Isn’t it funny how a song can take you away? One song can change a world, or at least a small town.

Take for instance Winslow, Arizona, which appears in the Eagles’ song “Take It Easy,” written by Jackson Browne and Glenn Frey. Winslow almost dried up when the interstate took away business from Route 66, but when the song came out, everybody wanted to head to Winslow—and they still do. Winslow now has Standin’ On the Corner Park with a mural depicting the “Girl, my Lord, in a flatbed Ford.” Since then, the town has undergone its own “renaissance.” Voila!

I can’t not mention Memphis. Who hasn’t recorded a song about Memphis? In fact, it’s the most mentioned city in the world. According to the Memphis Rock and Soul Museum, the list is at 1074 songs and counting.

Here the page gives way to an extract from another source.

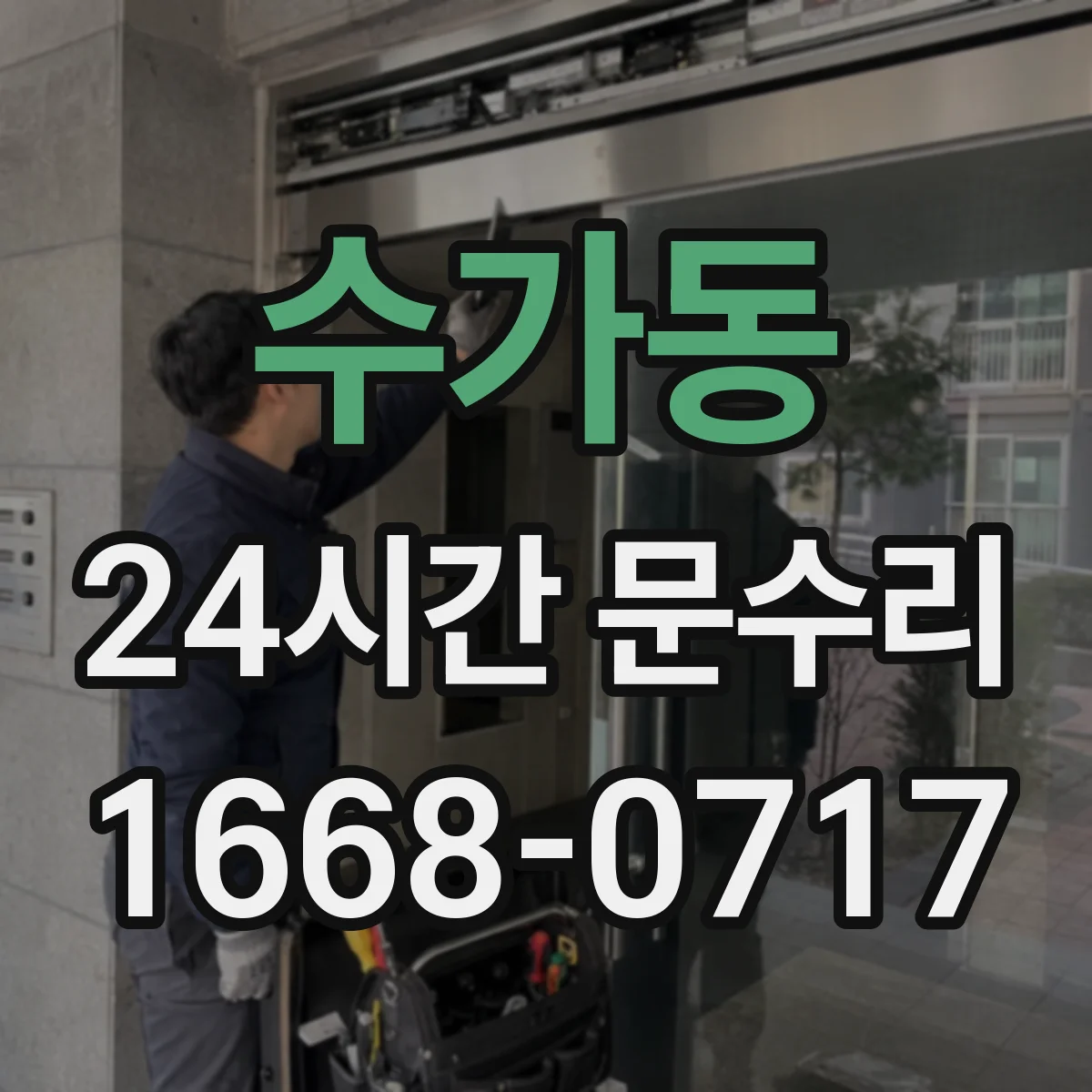 수가동 24시간 문수리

Take a look see at who has Memphis on the mind: Sheryl Crow, Paul Simon, Jerry Reed, Hank Williams, Jr., Chuck Berry, Darryl Worley, Trisha Yearwood, Lynyrd Skynyrd, Tanya Tucker, etc.

Of course, “Walking in Memphis” by Marc Cohn is my favorite. It’s always a serendipitous moment when I’m on Beale Street and hear it as I’m walking down the street.

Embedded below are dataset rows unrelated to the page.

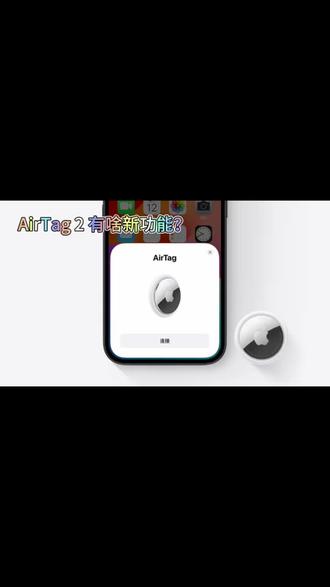 AirTag 2 有啥新功能?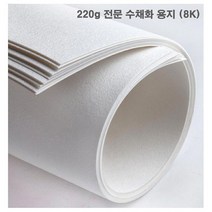 10매 미술용지 용지 전문 8절 220g 수채화 51451EA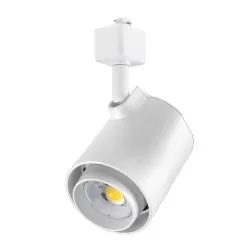 20W LED Track Head - Halo Track - 120 VAC - 60-degree - 2,050 Lumens - White - 4000K Natural White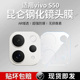 适用vivoS50一体镜头膜V2528A摄像头S50保护膜s5o钢化vovos玻璃vivov后置vivis相机vos贴膜viv0防摔vivo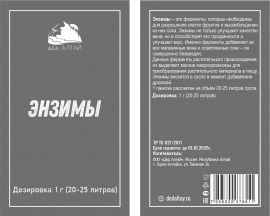 Энзимы "Дед Алтай", 1 гр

Let’s see how up YOU are on your Song Travel Trivia. I’ll give you the artist and the title, and you chart the destination. (Answers are listed below the quiz.)

QUIZ

  1. “Turn the Page” by Bob Seager
  2. “I Wanna Talk about Me” by Toby Keith (one of the FIRST country rap songs)
  3. “Get Your Kicks on Route 66” by Perry Como
  4. “Sweet Baby James” by James Taylor
  5. “Bad, Bad Leroy Brown” by Jim Croce
  6. “Folsom Prison Blues” by Johnny Cash
  7. “The Night They Drove Old Dixie Down” by The Band
  8. “City Don’t Sleep” by Maclemore
  9. “I Will Follow You into the Dark” by Death Cab for Cutie
  10. “Werewolves of London” by Warren Zevon (London is easy. Name another place mentioned in the song.)

ANSWERS

  1. Omaha
  2. Muncie, Indiana
  3. Albuquerque
  4. Boston
  5. Chicago
  6. Reno
  7. Richmond
  8. Seattle
  9. Calgary
  10. Soho

YOUR RANKING

10 Correct – Fantabulous. “Ramble On.” You’re obviously going somewhere.

7-9 Correct – Head out on the highway. You’re “Born to Be Wild.”

4-6 Correct – Not too shabby. Baby, you’re “Born to Run.”

1-3 Correct – Brush up on your travel trivia and get “On the Road Again.”

0 Correct – Not so good. You need a “Vacation.”